The call option was pursuant to the amended and restated shareholders’ agreement dated Jan 1, 2009 between ASB, Ascap and AIIH.

AIIH had informed of its intention to expand the operations of ASIB through M&A but Ascap did not want to commit further capital in ASIB or hinder AIIH’s expansion plans. Therefore, Ascap agreed to the call option.

However, the call option and its exercise was disputed by Ascap on the basis that it was not meant to be acted upon until the occurrence of the underlying transaction and upon Ministry of Finance (MoF) approval pursuant to Section 67 of Insurance Act, 1967.

The dispute was adjudicated by the courts in various legal proceedings between AIIH and Ascap.

After the courts ruled in favour of  AIIH, ASB proposed to seek approval from its shareholders yesterday to dispose of its 49% stake in ASIB.

On Sept 13, Ascap received a letter dated Sept 9, 2010 from Bank Negara Malaysia notifying it that the MoF had approved the proposed disposal without imposing any conditions on the company.

The valuation appears low for ASIB as it was based on its asset value more than three years ago (as at Dec 31, 2007). This compares with ASIB’s net assets as at Dec 31, 2010 of RM230.20 million.

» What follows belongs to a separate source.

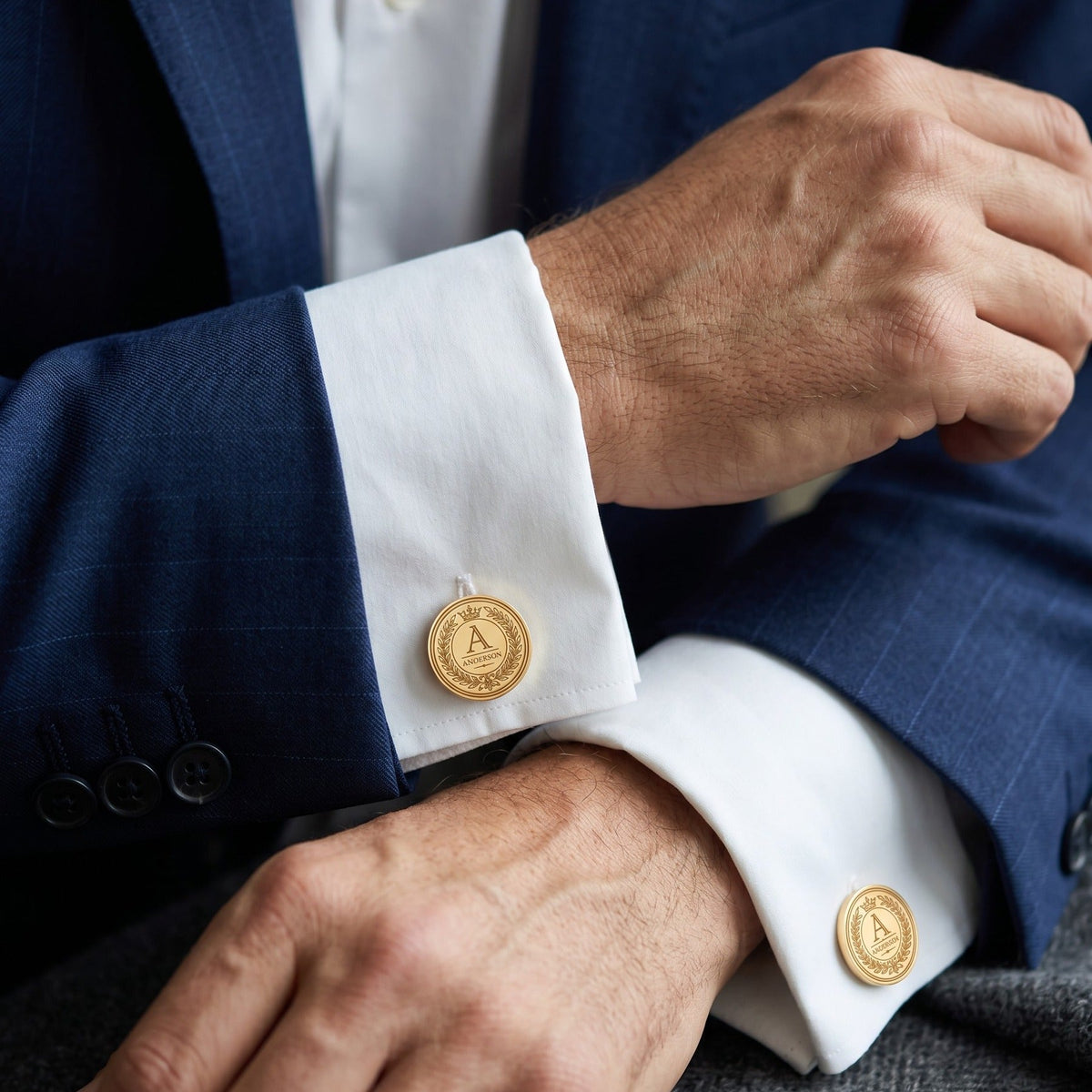 Personalized Monogram Crown Cufflinks | Custom Engraved Initial & Name Gift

The RM117 million price tag is about as much as ASB’s market capitalisation of RM115.06 million at its close yesterday of 23 sen.

It is also notable that Ascap’s original investment in ASIB in 2003 was RM71 million.

ASB plans to utilise more than half of the proceeds or RM61.6 million to repay borrowings, 47% or RM55 million for working capital and the remainder for the expenses of the exercise, which is expected to be completed by month end.

Lee said now that it has exited the insurance business, ASB plans to strengthen its core businesses, which includes hotels and resorts, travel and tours, property, and ICT.

ASB recorded a net profit of RM3.2 million for FY10 ended Dec 31 against RM30.9 million previously, while revenue came in at RM222.6 million compared with RM226.6 million previously.